### TASK ITEM
Would you please repeat the data exactly as given?

### STORED DATA
___
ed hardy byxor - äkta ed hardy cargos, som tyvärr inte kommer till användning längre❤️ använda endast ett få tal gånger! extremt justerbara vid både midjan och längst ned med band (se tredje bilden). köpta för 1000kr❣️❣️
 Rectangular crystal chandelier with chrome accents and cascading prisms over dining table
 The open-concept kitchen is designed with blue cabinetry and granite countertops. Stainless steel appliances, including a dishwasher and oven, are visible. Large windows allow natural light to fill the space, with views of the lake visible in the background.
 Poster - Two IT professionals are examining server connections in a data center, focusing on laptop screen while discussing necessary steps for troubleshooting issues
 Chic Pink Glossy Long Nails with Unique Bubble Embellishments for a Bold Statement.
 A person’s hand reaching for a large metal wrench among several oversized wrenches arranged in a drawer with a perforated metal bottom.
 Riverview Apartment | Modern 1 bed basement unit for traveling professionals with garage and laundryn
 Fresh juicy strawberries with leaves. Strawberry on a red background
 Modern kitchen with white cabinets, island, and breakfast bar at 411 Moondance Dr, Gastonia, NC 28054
___
### SOLVED EXERCISE
ed hardy byxor - äkta ed hardy cargos, som tyvärr inte kommer till användning längre❤️ använda endast ett få tal gånger! extremt justerbara vid både midjan och längst ned med band (se tredje bilden). köpta för 1000kr❣️❣️
 Rectangular crystal chandelier with chrome accents and cascading prisms over dining table
 The open-concept kitchen is designed with blue cabinetry and granite countertops. Stainless steel appliances, including a dishwasher and oven, are visible. Large windows allow natural light to fill the space, with views of the lake visible in the background.
 Poster - Two IT professionals are examining server connections in a data center, focusing on laptop screen while discussing necessary steps for troubleshooting issues
 Chic Pink Glossy Long Nails with Unique Bubble Embellishments for a Bold Statement.
 A person’s hand reaching for a large metal wrench among several oversized wrenches arranged in a drawer with a perforated metal bottom.
 Riverview Apartment | Modern 1 bed basement unit for traveling professionals with garage and laundryn
 Fresh juicy strawberries with leaves. Strawberry on a red background
 Modern kitchen with white cabinets, island, and breakfast bar at 411 Moondance Dr, Gastonia, NC 28054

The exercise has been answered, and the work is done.